DipIFR Syllabus D. Preparation of external financial reports - Group Income Statement - Notes 13 / 14
Group Income Statement
Rule 1 - Add Across 100%
Like with the SFP, P and S are both added together.
All the items from revenue down to Profit after tax;
Except for:
1) Dividends from Subsidiaries
2) Dividends from Associates
Rule 2 - NCI
This is an extra line added into the consolidated income statement at the end.
It is calculated as NCI% x S’s PAT.
The reason for this is because we add across all of S (see rule 1) even if we only own 80% of S.
We therefore owe NCI 20% of this which we show at the bottom of the income statement.
Rule 3 - Associates
Simply show one line (so never add across an associate).
The line is called “Share in Associates’ Profit after tax”.
Rule 4 - Depreciation from the Equity table working
Remember this working from when we looked at group SFP’s?
Now | At Acquisition | Post Acquisition | |
Share Capital | 100 | 100 | 0 |
Share Premium | 50 | 50 | 0 |
Retained Earnings | 430 | 250 | 180 |
PPE | 40 | 50 | -10 |
Total | 620 | 450 | 170 |
The -10 from the FV adjustment is a group adjustment. So needs to be altered on the group income statement. It represents depreciation, so simply put it to admin expenses (or wherever the examiner tells you), be careful though to only put in THE CURRENT YEAR depreciation charge.
Rule 5 - Time Apportioning
This isn’t difficult but can be awkward/tricky. Basically all you need to remember is the group only shows POST -ACQUISITION profits. i.e. Profits made SINCE we bought the sub or associate.
If the sub or associate was bought many years ago this is not a problem in this year’s income statement as it has been a sub or assoc. all year.
The problem arises when we acquire the sub or the associate mid year. Just remember to only add across profits made after acquisition. The same applies to NCI (as after all this just a share of S’s PAT).

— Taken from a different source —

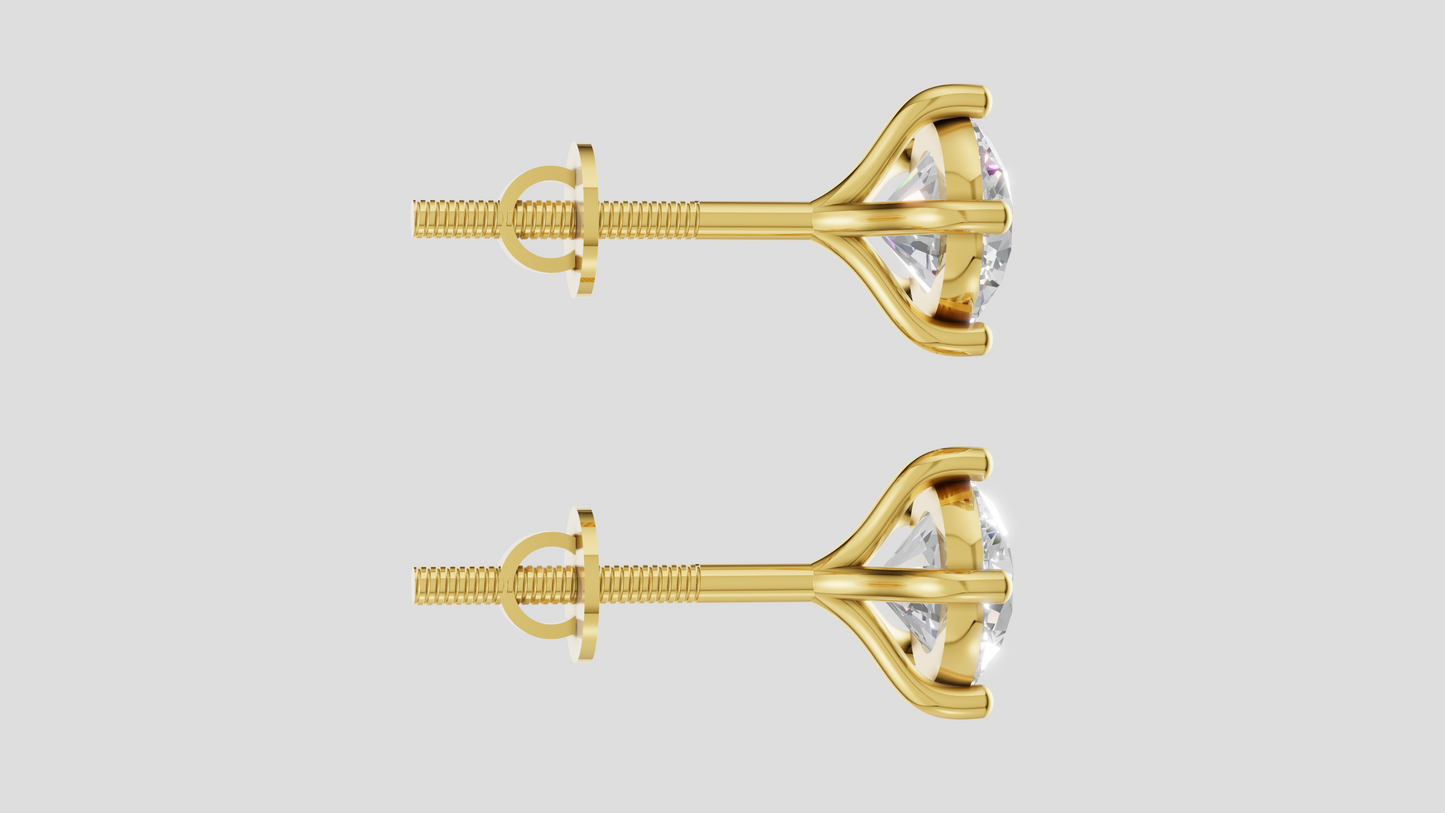 14K Gold Round Lab Grown Diamond Solitaire Stud Earrings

For example if our year end is 31/12 and we buy the sub or assoc. on 31/3. We only add across 9/12 of the subs figures and NCI is % x S’s PAT x 9/12.

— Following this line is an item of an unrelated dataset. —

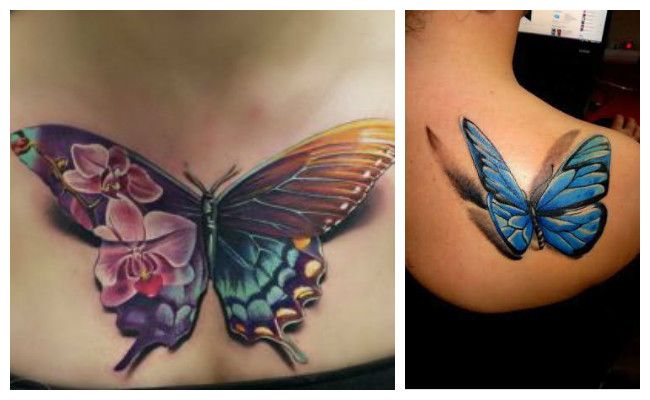Tatuajes de mariposas en 3d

One final point to remember here is adjustments such as unrealised profits / depreciation on FV adjustments are entirely post - acquisition and so are NEVER time apportioned.

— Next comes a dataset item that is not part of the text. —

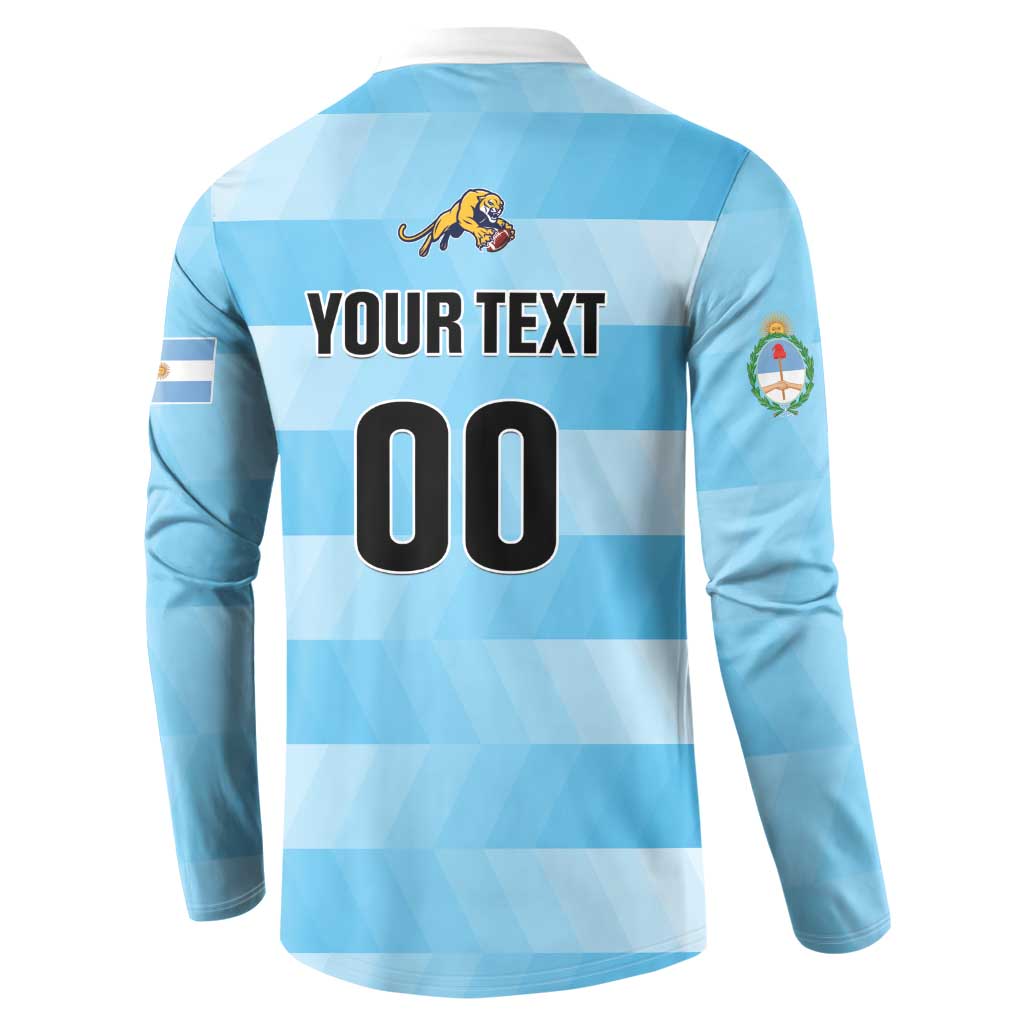 Custom Rugby Argentina Button Sweatshirt Pumitas Go Champions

Rule 6 - Unrealised Profit
You will remember this table I hope
The idea of what we need to do | How we do it on the SFP |
Reduce Profit of Seller | Reduce SELLERS Retained Earnings |
Reduce Inventory | Reduce BUYERS Inventory |
Well the idea stays the same - it’s just how we alter the accounts that changes, because this is an income statement after all and not an SFP. So the table you need to remember becomes:
The idea of what we need to do | How we do it on the SOCI |
Reduce Profit of Seller | Increase SELLERS Cost of Sales |
Reduce Inventory | No adjustment required |
Notice how we do not need to make an adjustment to reduce the value of inventory. This is because we have increased cost of sales (to reduce profits), but we do this by actually reducing the value of the closing stock.